Stylish, exciting and wearing its beating heart on its sleeve with a soundtrack to go with it, “Baby Driver” moves like a high-wire act, gliding when it could fall at any moment. The film crackles with wit (there is a great Michael Myers/Mike Myers joke), and though no one breaks out into song, the film has the precisely timed tempo of a musical. Each cut is synchronized with the beat of a song, evident in none other than the slick opening car chase, cued up to Jon Spencer Blues Explosion's "Bellbottoms," in which Baby, Buddy, Darling and Griff (Jon Bernthal) in a red Subaru WRX are pursued through downtown Atlanta, down a tight alleyway, and on the freeway by cop cars and helicopters. It's wholly riveting to watch and impressively choreographed, and that's just the first scene. Another early sequence is joyously orchestrated in an unbroken tracking shot where Baby simply takes a walk to get coffee for himself and his criminal passengers, and the third act’s breathless on-foot chase is a masterful study in how to shoot and pace an on-foot chase. Similar to 2014’s “Guardians of the Galaxy,” the soundtrack is germane to the story, rooting back to the protagonist’s relationship with his mother, and it is chock-full of '70s funk, like The Commodores’ “Easy," Bob & Earl’s “Harlem Shuffle,” Carla Thomas' "B-A-B-Y," and The Champs' "Tequila," that are less obvious, more deep-cut choices. In the case of the film’s love story, there is a true sweetness and spark between Baby and Debora, who form a couple deserving of our concern because they feel like soul mates, based on common interests and not because the script demands that they be.
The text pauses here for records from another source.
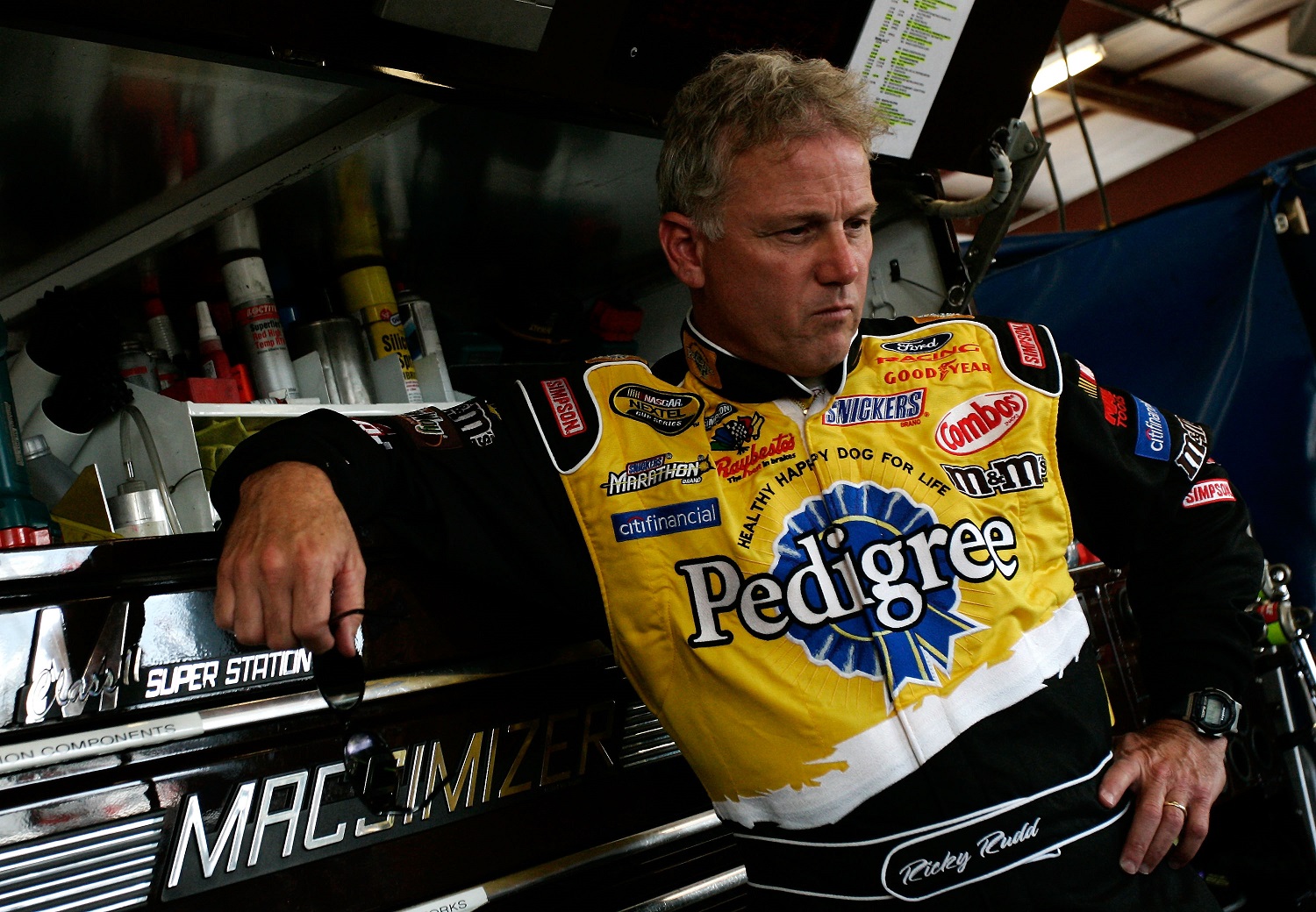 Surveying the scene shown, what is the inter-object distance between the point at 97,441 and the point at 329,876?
955 mm

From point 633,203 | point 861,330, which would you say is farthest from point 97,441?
point 861,330

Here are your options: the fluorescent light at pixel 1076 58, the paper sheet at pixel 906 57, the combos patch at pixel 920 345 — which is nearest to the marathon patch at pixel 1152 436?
the combos patch at pixel 920 345

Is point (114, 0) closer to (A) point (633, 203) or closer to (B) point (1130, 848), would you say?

Familiar to the world mostly for his work in YA book adaptations, first the now-defunct “Divergent” series” and then 2014’s “The Fault in Our Stars,” Ansel Elgort is already a star that it’s a surprise his career is just now taking off. As Baby, though, this is Elgort's true breakthrough performance, as he gets to be cool, charismatic as hell, yet good-hearted and vulnerable. Fresh-faced and instantly sympathetic, the lovely Lily James (2016's "Pride and Prejudice and Zombies") brings much more to Debora than just “the love interest,” and her scenes with Elgort alone are enchanting, particularly one where they listen to a song in a laundromat. Not every character receives deep exploration because all of them (except for couple Buddy and Darling) are strangers working a job, but every actor is well-cast and makes an impression. Jon Hamm and Eiza González (TV's "From Dusk Till Dawn") are memorable and unpredictable as a Bonnie and Clyde-type couple who seem to get off on their crimes, and Jamie Foxx effectively walks the tricky tightrope between funny and threatening as Bats; his scene in a diner booth where he tries to predict Buddy and Darling’s backstories is written, acted and shot with chilling tension. Finally, Kevin Spacey is slimy and deadpan as mastermind Doc, managing to not just chew up the scenery but work in a “Monsters, Inc.” joke and even garner a sliver of sympathy.
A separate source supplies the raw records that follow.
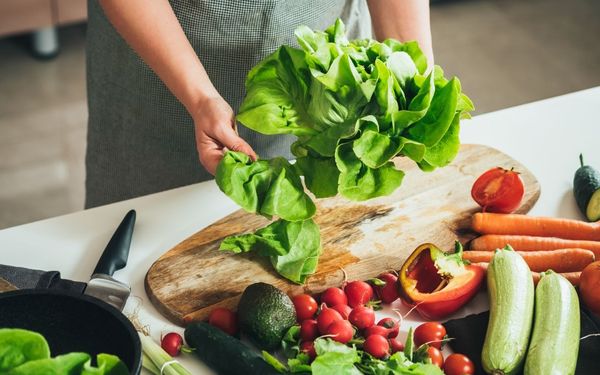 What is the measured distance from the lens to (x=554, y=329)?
1.30 m

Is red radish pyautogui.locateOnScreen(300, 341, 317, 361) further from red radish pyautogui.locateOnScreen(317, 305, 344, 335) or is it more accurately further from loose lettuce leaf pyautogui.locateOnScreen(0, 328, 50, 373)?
loose lettuce leaf pyautogui.locateOnScreen(0, 328, 50, 373)

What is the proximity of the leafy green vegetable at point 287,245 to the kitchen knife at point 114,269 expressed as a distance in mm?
161

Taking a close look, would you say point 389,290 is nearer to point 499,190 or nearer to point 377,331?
point 377,331

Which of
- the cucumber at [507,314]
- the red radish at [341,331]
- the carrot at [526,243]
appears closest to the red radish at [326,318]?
the red radish at [341,331]

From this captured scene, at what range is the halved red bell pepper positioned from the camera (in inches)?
54.3

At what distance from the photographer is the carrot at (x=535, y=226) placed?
1540mm

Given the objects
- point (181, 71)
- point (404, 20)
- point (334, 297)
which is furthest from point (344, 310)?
point (404, 20)

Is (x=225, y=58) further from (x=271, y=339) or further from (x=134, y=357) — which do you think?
(x=134, y=357)

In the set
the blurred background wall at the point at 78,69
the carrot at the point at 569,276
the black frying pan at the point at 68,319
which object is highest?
the black frying pan at the point at 68,319

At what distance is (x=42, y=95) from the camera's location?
11.3 feet

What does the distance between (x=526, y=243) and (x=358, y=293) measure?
1.06ft

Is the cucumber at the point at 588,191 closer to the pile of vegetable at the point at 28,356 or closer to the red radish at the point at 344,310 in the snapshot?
the red radish at the point at 344,310

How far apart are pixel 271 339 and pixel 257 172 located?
0.88 ft

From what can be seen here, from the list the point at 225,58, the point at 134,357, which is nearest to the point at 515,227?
the point at 225,58
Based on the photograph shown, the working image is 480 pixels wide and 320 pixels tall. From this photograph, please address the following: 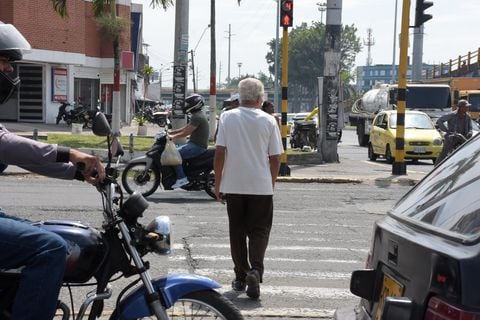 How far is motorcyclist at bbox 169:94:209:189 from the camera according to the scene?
11.8 m

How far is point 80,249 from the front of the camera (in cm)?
359

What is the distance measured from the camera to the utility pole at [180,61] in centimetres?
2194

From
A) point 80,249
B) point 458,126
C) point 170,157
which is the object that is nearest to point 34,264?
point 80,249

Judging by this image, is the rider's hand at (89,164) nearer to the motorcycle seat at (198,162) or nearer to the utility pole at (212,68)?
the motorcycle seat at (198,162)

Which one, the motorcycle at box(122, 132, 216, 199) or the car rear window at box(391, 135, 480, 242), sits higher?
the car rear window at box(391, 135, 480, 242)

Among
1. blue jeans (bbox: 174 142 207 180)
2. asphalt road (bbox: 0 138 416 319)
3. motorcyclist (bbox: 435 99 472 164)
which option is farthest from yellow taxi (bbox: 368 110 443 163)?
blue jeans (bbox: 174 142 207 180)

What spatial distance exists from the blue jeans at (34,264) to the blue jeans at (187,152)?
874 cm

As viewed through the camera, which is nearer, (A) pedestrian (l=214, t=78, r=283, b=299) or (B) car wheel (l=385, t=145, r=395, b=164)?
(A) pedestrian (l=214, t=78, r=283, b=299)

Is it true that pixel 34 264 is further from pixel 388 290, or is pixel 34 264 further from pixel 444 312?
pixel 444 312

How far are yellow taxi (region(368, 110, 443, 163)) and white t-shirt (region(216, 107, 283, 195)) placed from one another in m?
16.4

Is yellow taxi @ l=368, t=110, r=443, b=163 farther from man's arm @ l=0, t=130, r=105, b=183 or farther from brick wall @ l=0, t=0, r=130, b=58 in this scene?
man's arm @ l=0, t=130, r=105, b=183

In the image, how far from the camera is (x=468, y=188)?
3094mm

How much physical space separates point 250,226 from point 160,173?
608cm

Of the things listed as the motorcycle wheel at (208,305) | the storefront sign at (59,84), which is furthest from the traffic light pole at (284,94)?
the storefront sign at (59,84) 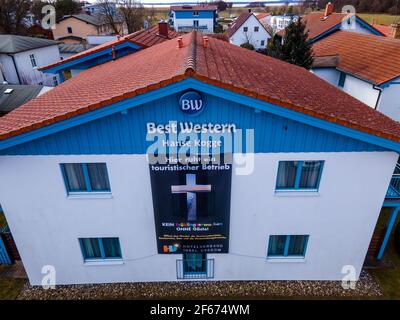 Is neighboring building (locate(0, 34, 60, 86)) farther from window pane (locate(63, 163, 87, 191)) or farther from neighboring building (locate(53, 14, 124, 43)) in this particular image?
window pane (locate(63, 163, 87, 191))

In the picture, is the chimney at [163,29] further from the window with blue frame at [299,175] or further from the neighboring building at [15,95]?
the window with blue frame at [299,175]

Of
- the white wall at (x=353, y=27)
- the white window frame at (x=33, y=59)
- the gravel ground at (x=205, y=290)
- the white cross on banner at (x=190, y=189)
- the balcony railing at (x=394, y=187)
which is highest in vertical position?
the white wall at (x=353, y=27)

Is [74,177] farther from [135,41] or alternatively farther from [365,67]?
[365,67]

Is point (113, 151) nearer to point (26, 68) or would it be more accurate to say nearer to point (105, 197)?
point (105, 197)

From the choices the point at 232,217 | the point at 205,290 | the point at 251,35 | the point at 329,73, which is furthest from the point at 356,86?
the point at 251,35

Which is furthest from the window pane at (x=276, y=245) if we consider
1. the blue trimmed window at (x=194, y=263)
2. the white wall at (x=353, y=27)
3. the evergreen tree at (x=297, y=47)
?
the white wall at (x=353, y=27)

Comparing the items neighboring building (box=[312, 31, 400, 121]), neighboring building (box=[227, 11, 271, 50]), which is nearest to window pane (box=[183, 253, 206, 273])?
neighboring building (box=[312, 31, 400, 121]) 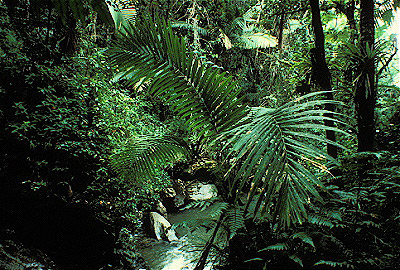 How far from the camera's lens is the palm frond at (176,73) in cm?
185

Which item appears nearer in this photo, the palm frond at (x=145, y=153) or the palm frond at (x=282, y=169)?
the palm frond at (x=282, y=169)

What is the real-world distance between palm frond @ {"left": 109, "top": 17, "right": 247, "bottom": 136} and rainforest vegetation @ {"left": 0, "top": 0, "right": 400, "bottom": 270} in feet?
0.04

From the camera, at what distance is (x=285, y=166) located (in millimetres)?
1172

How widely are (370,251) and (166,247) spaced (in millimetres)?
4092

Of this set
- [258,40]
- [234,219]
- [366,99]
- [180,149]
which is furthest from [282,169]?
[258,40]

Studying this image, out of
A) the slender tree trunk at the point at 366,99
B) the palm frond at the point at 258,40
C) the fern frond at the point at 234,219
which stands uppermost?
the palm frond at the point at 258,40

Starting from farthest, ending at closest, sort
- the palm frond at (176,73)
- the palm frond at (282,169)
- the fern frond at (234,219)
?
the palm frond at (176,73), the fern frond at (234,219), the palm frond at (282,169)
Style and attitude might be prioritized by design here, but they're not everything. Not unlike Ryan Gosling’s Driver, also a getaway driver and a man of few words, in 2011’s “Drive,” one genuinely cares what happens to Baby and the good people in his life. With the heavy output of so many mediocre action films that try palming off noise and Cuisinart editing as high-octane excitement, it’s truly a miracle to find a film that executes those moments with controlled shots, longer takes and tight, beautifully rhythmic editing (hats off to cinematographer Bill Pope and editors Jonathan Amos and Paul Machliss) but also gives us a reason to care about the outcome and the characters. Despite the film seeming like it could have ended a few moments sooner, Edgar Wright finds the right ending, and even if he didn’t, he had already pulled out all the stops and hit the sweet spot for movie lovers again and again. A blast of cinematic ecstasy, “Baby Driver” is exactly as cool as it strives to be, affirming that they still do make quality summer movies like they used to.